Although not quite street food friendly, Sydney has been taking steps in recent years to welcome more food festivals. And the night noodle markets is one of the bigger ventures. On Saturday night, it was so busy and bustling, that no spare tables were spied even at 8:30pm. The stalls were packed and you better enjoy queuing because there’s a lot of that to be done
In terms of the stalls, there was a good representation of Sydney staples like Mamak, Ding Tai Fung, New Shanghai & Messina. With the exception of a few dessert stalls, it was all Asian fare. I guess “night noodle market” is deemed to be a more welcoming that “night hawker market”. But the latter term probably better represents the event. There are also sponsored “areas” where alcohol was available with themed setups where for example you could enjoy your meal in the vicinity of a luxury Mercedes Benz, because hey if you eat near one, you might as well be tempted to buy it right?
So…What about the food? In general it’s okay, as in okay I’m not too disappointed but I’ve probably had better in some Chinatown food courts. To start I had chicken Karaage ($8) & duck gyozas ($8) from Harajuku Gyozas which were adequate, with the gyozas surprisingly flavoursome. Then some hipster wholemeal roti & 2 curries ($12) from Spice Villa, again adequate, but come on, wholemeal roti? Look I’m a reluctant hipster at heart but sometimes, just don’t screw around with the staples. Then it was drop all pretences and gird your loins because baby there’s a BBQ pit nearby…
Boasting by far the longest queue of the entire night market was Hoy Pinoy, Filipino BBQ extraordinaires from Melbourne. The one thing I know about street food is that if there’s a giant throng of people around the stall, it’s probably good. Actually it’s probably better than good. JUST LOOK AT THE HEAVING PILES OF MEAT SKEWERS… OH MY!!!

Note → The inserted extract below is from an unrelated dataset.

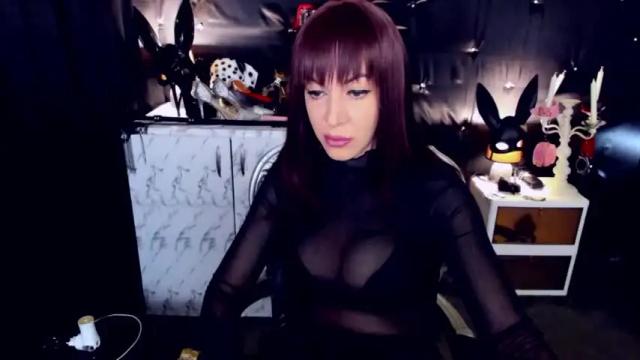 Image 4 of emmadomina Stream on Chaturbate on 15 months ago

Anyway, they sold Pork Belly skewers and BBQ Chicken skewers (all $5 each) with pork belly basically winning the night (honestly does pork belly ever not win the night? It’s really the joker card of the dining table). The skewer was sticky from the gochujang inspired marinade, smokey from the charcoal grill, beautifully caramelised and just blissful. And who doesn’t love a meal that comes on a dangerous weapon of mass destruction? Those were the largest and thickest kebab skewers I’ve ever seen. You could erect a medieval defense mechanism with them, in fact I was surprised no drunk bogans had impaled themselves by that stage of the night. They were indeed that sharp. Okay maybe said bogans were all too sloshed at the Harvey Norman tent to find their way to a good meat skewer. Hoy Pinoy was a line that I’d be happy to stand in again but unfortunately I was quite full by this time so dessert? y/y?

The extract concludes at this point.